Page:Boyer d’Argens - Lettres juives, 1754, tome 2.djvu/49

Cette page n’a pas encore été corrigée


On regarde un roman comme un ouvrage fait uniquement pour amuser. Ce ne doit pas être le but pour lequel on doit le composer. Tout livre qui ne joint pas l’utile à l’agréable, est peu digne de l’estime des connoisseurs. En amusant l’esprit, il faut instruire le cœur. C’est par-là que les plus grands hommes ont illustré leurs écrits.

Un écrivain qui, plein de fictions & d’imaginations hardies, amuse les lecteurs dans le cours de douze volumes d’incidens ménagés adroitement & d’une manière intéressante, & qui cependant à la fin de son livre n’a rempli les esprits que d’enlevemens, de duels, de pleurs, de désespoirs & de larmes [1], n’a ni la science d’instruire, ni le don d’atteindre à la perfection ; il ne posséde de son art que la moindre partie.

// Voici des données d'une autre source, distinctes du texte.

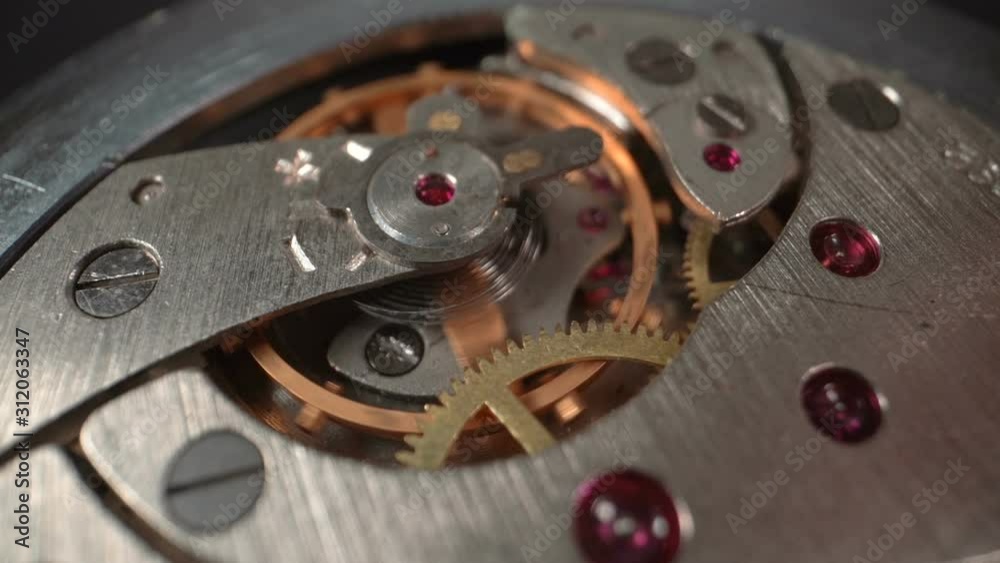 custom made wallpaper toronto digitalThe gears of the working mechanical watches are stopped with a wooden stick. Macro Slow motion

Un auteur qui plaît sans instruire, ne plaît pas long-tems : il voit son livre moisir dans la boutique du libraire ; & ses ouvrages ont le sort des mauvais sermons & des froids panégyriques.

Autrefois les romans n’étoient qu’un ramas d’aventures tragiques qui enlevoient l’imagination, & déchiroient le cœur. [2]

On les lisoit avec plaisir,

  1. La Calprenede.
  2. Le Polexandre de Gomberville, l’Ariane de des Marets, &c.